__What you need to do__.
Repeat exactly, and only, the lines of the entries below from the one with "An illustration from" through the one with "au Sénégal Au", both ends included.

__Given data__.
++++++++
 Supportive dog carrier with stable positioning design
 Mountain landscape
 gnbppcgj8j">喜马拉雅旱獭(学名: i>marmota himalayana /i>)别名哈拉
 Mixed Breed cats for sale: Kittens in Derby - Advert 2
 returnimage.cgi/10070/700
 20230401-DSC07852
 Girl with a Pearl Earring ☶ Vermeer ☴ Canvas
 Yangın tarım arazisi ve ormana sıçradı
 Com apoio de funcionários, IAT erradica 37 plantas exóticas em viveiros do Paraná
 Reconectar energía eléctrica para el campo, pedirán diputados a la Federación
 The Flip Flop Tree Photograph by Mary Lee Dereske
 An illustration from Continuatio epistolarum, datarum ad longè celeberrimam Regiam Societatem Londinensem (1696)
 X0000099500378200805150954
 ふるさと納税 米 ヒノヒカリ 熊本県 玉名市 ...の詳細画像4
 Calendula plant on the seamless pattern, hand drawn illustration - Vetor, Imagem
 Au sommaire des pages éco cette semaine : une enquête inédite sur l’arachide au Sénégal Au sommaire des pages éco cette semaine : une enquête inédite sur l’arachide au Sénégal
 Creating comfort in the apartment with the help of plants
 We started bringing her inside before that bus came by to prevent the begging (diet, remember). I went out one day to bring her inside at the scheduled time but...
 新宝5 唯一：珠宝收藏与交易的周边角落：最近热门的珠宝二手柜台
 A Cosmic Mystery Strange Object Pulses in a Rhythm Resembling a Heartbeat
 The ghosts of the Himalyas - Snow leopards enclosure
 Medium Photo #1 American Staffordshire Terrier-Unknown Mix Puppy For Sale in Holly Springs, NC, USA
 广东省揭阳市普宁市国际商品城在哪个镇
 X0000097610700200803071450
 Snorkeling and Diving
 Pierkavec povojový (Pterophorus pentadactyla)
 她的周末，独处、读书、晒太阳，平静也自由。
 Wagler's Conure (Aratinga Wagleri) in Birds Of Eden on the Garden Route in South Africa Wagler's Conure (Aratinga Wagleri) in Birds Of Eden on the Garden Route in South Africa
++++++++
__Exercise result__.
 An illustration from Continuatio epistolarum, datarum ad longè celeberrimam Regiam Societatem Londinensem (1696)
 X0000099500378200805150954
 ふるさと納税 米 ヒノヒカリ 熊本県 玉名市 ...の詳細画像4
 Calendula plant on the seamless pattern, hand drawn illustration - Vetor, Imagem
 Au sommaire des pages éco cette semaine : une enquête inédite sur l’arachide au Sénégal Au sommaire des pages éco cette semaine : une enquête inédite sur l’arachide au Sénégal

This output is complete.